Cet ouvrage se prête tout autant à la recherche de références qu’à une lecture suivie. Il contient en effet une multitude d’informations sur les causes de la pauvreté, des définitions, des données statistiques, des réglementations juridiques, des pratiques administratives. Les commentaires et remarques, souvent critiques, sont également précieux.

Ces informations de qualité, qui se basent sur une longue expérience, sont primordiales. Elles peuvent contribuer à contrer les tendances accrues d’une réduction des prestations sociales. Elles offrent surtout une base de travail pour la stratégie contre la pauvreté préconisée par le gouvernement suisse. Un des points essentiels est la perception de la pauvreté comme facteur d’isolement social diminuant les chances dans tous les domaines de la vie.

Ce livre comporte cependant des failles. Par exemple, il est constaté que les divorcés (6 %) représentent un risque d’aide sociale doublé, comparé au reste de la population (3 %). La cote d’aides sociales des familles monoparentales atteint 13,4 %, celle des personnes vivant seules 5,7 %. Il est dit avec raison que le coût de la vie des enfants augmente les risques de pauvreté. C’est pourquoi un nombre disproportionné d’enfants grandissent dans la pauvreté.
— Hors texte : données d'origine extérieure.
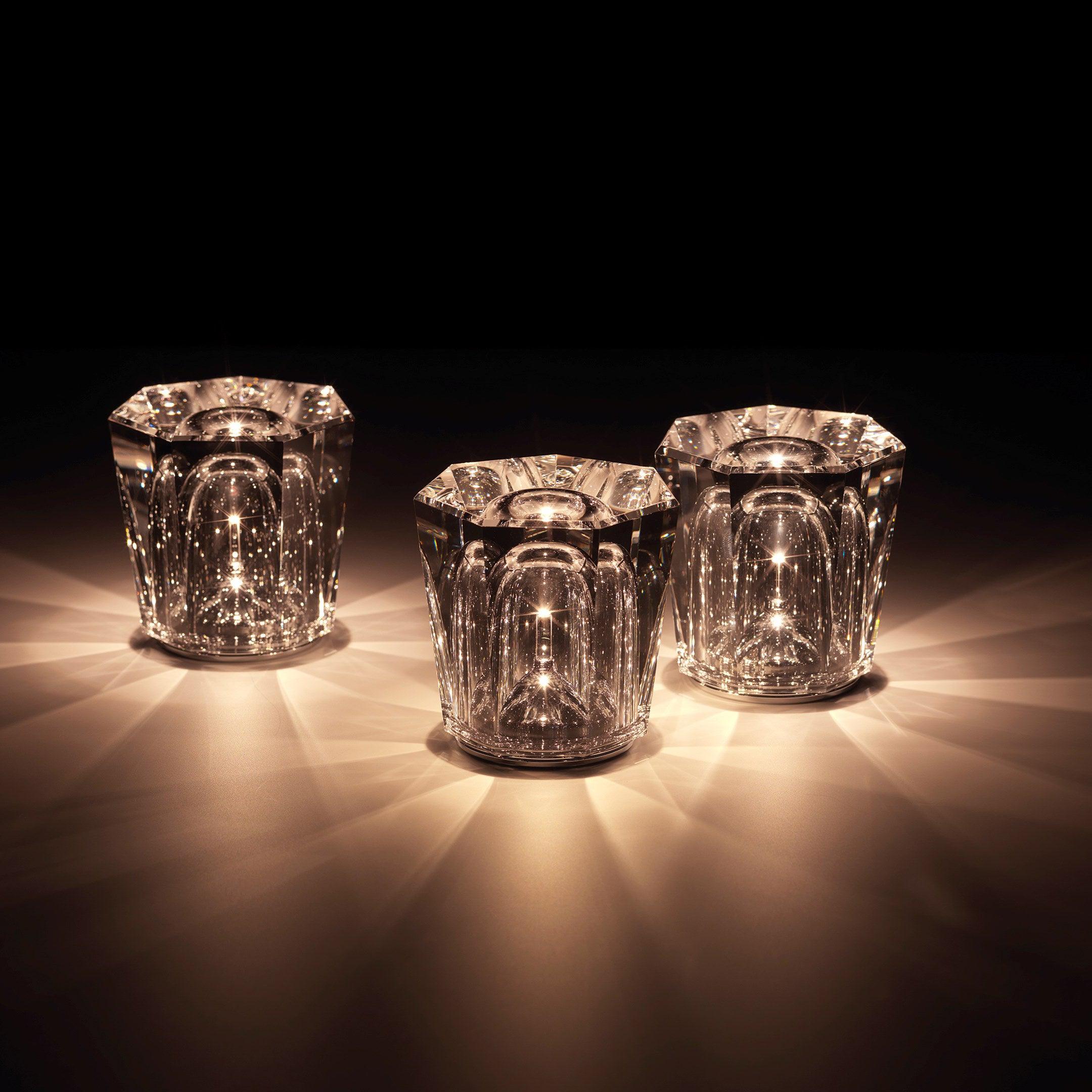 Quinvele Table Lamp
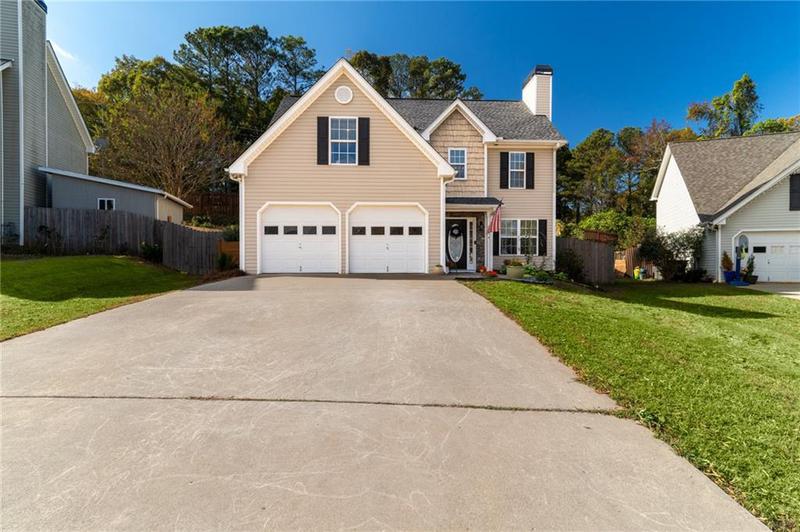 Image for property 215 Mackenzie Court, Canton, GA 30115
Pourtant cet ouvrage n’approfondit pas assez la menace que représentent les conditions de la pauvreté pour les familles. Il est trop peu mentionné que la pauvreté entraîne des fardeaux physiques, psychiques, financiers qui, très souvent, conduisent à la dislocation des relations familiales. A mon avis, c’est là une des causes de la surreprésentation du nombre de personnes précarisées parmi les familles monoparentales et les personnes vivant seules.
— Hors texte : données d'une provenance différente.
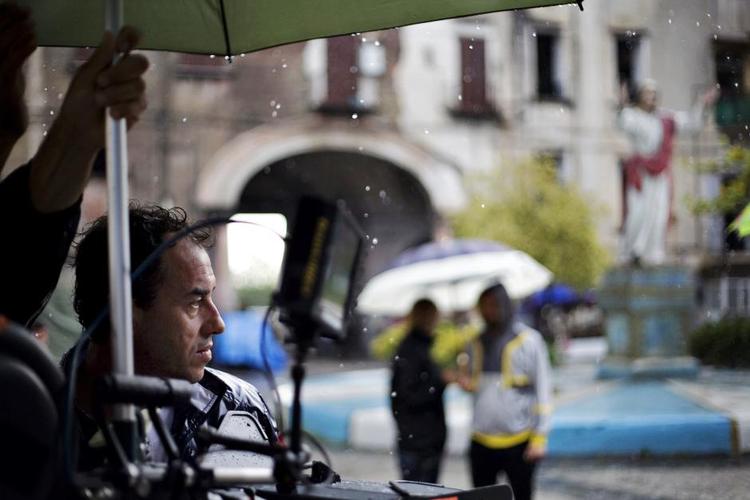 Mørkere. Matteo Garrone føler sig misforstået af de italienske medier, der ser hans film 'Reality' som blot en kritik af tv-programmet 'Big-Brother'. Filmen er meget mørkere og mere eksistentiel, siger han selv. 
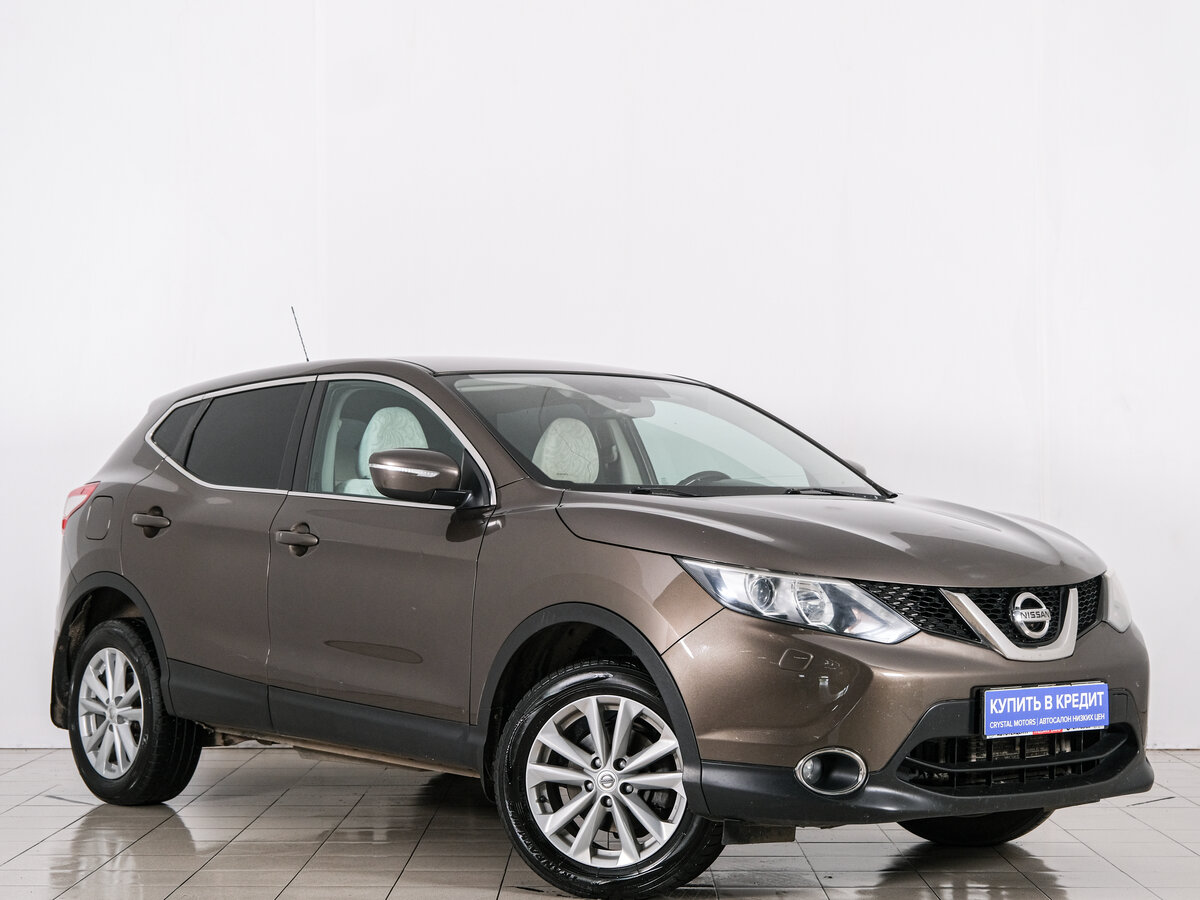 Открыть фотографии: Nissan Qashqai II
Les thèmes douloureux de la protection de la jeunesse et du placement des enfants y sont à peine soulevés. Pourtant, les familles vivant dans la pauvreté sont touchées plus que les autres par ces mesures. C’est pourquoi il y manque des réflexions sur les possibilités de tenir compte des besoins réels de protection des enfants tout en minimisant les traumatismes. Quand la pauvreté menace la santé, l’équilibre psychique, la conscience de soi et la reconnaissance sociale, c’est un poids énorme sur les relations au sein de la famille. Cela peut déclencher de réelles insécurités. Parfois à la légère, la réaction passe par diverses mesures d’assistance et peut aller jusqu’au retrait de la garde des enfants.

Malgré ces failles, Caritas et les auteurs de ce manuel demeurent des alliés importants dans la lutte contre la pauvreté. Caritas n’octroie pas seulement des aides, mais suscite également des recherches sociales précieuses. C’est uniquement avec de larges alliances que la motion pour une stratégie nationale contre la pauvreté aboutira. La collaboration du plus grand nombre de bonnes volontés est d’autant plus essentielle qu’aujourd’hui les débats sur les abus enveniment le climat et blessent la dignité de toutes les personnes qui connaissent la pauvreté.